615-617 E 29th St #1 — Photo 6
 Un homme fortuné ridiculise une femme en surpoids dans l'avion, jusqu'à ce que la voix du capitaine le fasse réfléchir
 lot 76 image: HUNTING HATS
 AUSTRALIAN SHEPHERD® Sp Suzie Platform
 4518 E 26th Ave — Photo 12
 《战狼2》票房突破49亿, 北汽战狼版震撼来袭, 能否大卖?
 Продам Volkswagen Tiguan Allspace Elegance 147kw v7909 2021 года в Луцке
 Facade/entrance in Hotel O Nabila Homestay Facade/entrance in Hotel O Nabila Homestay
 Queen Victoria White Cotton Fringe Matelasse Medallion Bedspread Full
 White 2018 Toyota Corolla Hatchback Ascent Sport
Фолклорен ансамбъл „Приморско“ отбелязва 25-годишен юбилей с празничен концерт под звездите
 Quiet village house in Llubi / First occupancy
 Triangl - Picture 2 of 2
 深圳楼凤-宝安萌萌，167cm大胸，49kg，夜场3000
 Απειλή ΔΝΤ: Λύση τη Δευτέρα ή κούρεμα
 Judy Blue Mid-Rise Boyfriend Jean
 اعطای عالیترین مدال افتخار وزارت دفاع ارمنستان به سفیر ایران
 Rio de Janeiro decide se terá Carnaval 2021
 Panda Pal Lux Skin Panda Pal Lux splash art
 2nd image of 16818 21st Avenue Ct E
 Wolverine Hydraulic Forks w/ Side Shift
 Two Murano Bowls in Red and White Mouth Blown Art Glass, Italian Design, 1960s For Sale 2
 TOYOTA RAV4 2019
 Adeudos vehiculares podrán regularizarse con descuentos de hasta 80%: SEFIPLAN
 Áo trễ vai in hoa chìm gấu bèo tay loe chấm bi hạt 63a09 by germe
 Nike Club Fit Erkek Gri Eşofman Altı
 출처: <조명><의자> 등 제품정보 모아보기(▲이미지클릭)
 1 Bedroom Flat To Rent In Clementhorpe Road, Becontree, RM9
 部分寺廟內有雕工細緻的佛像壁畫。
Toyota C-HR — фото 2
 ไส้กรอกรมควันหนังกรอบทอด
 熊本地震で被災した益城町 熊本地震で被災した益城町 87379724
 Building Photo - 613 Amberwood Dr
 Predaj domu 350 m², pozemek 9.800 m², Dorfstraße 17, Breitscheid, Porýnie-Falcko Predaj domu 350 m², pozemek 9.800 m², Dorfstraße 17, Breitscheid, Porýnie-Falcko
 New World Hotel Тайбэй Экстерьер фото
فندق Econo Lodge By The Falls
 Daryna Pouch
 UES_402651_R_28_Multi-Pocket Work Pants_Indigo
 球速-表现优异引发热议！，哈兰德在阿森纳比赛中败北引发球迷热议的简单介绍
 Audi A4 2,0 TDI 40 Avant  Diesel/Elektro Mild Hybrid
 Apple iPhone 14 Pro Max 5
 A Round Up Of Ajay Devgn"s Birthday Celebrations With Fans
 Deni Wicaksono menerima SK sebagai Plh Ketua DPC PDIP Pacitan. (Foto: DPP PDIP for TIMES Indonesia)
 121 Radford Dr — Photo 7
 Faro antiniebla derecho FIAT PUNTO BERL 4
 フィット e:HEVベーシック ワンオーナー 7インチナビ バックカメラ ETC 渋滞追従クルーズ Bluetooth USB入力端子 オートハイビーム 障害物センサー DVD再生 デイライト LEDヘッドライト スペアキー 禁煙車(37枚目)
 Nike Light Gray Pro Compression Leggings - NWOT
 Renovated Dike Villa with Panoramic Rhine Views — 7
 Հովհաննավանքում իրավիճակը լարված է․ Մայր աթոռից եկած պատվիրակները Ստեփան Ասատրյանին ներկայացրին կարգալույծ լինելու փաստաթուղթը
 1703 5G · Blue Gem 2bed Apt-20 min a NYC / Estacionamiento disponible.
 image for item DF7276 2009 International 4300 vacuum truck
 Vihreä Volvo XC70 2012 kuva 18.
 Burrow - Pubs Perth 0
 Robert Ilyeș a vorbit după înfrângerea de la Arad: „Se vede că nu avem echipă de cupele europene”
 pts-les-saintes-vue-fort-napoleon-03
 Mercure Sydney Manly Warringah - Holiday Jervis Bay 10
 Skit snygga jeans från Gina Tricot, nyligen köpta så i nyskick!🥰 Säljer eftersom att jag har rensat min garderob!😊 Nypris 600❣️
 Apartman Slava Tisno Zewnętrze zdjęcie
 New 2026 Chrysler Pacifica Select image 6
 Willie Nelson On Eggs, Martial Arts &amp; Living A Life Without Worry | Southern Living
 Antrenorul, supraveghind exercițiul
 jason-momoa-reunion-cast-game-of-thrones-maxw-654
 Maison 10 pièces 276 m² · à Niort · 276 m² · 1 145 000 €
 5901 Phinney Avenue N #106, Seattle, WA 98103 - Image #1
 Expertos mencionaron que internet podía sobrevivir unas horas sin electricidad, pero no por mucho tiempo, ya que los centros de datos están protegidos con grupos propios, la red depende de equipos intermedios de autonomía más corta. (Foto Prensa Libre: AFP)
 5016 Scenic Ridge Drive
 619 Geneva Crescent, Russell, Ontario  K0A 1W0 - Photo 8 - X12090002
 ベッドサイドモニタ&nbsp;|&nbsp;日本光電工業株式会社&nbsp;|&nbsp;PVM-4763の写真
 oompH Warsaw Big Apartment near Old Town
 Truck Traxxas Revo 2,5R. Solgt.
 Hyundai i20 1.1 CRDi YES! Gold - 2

•••••

• _What is needed_
Filter the records above down to the lines that hold the string "фото".

• _Task response_
Toyota C-HR — фото 2
 New World Hotel Тайбэй Экстерьер фото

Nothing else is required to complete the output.